例えば、下記の事例のように、輸入後の販売に必要なことから買手が輸出国の検査機関に依頼して成分分析を行い、検査機関に費用を支払った場合、この成分分析は輸入取引の条件とはされていないので、現実支払価格を算定する場合に、この検査費用はインボイス価格に加算する必要はありません。

値引
値引後の価格が現実支払価格となる場合
下記のような、通常の取引における値引きは値引後の価格が現実支払価格となります。
- 数量値引き
- 現金値引き・前払い値引き
- 旧モデル値引き
- 季節値引き
- 代理店値引き
値引前の価格が現実支払価格となる場合
クレーム処理による相殺値引き、過去の債務の弁済のための値引き等、輸入取引において特別な理由による値引きは、現実支払価格を構成する値引とは認められず、値引前の価格が現実支払価格となります。
このような値引きは別途評価申告を行うか、又は、インボイスに値引き額を明記しておく必要があります。

現実支払価格を構成しない費用
輸入後に発生する費用は、課税価格を計算する際には取引価格から控除することが出来ます。

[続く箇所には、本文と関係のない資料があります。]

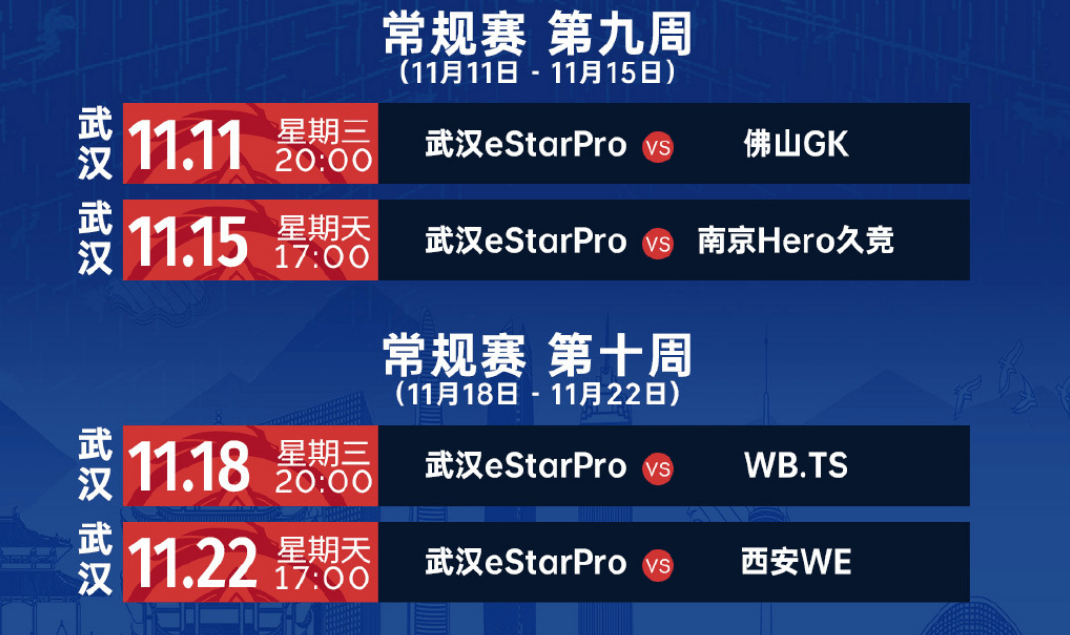 探秘双城彩市，香港与澳门开奖结果查询全攻略香港澳门开奖号码2021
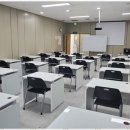 전기기술학원 네이버블로그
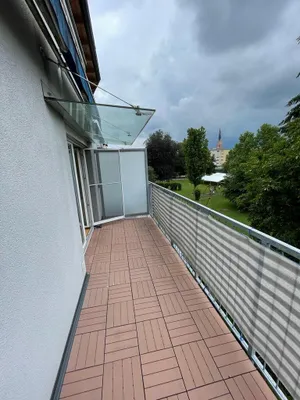 2-Zimmer-Wohnung mieten in Graz – 41,8 m², € 640 – Bild 6 von 8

インボイスにこれらの費用が含まれており、その費用の額を明らかにすることが出来る場合には、これらの費用を控除した価額が現実支払価格となります。
これらの費用は、例えば次のような費用です。
- 輸入貨物の輸入申告の日以後に行われる据付け、組立て、整備又は技術指導に要する役務の費用
- 輸入港到着後の運送に要する運賃、保険料その他当該運送に関連する費用
- 輸入国において課される関税その他の公課
- 輸入取引が延払条件付取引である場合における延払金利
例えばDDP取引(関税込み持込渡し)では、輸出者が負担する関税、内国消費税、輸入手続き費用、輸入港から輸入者までの国内運送費用等が、契約価格から控除することが出来ます。但し、控除する金額の明細を明らかにすることが出来る場合に限ります。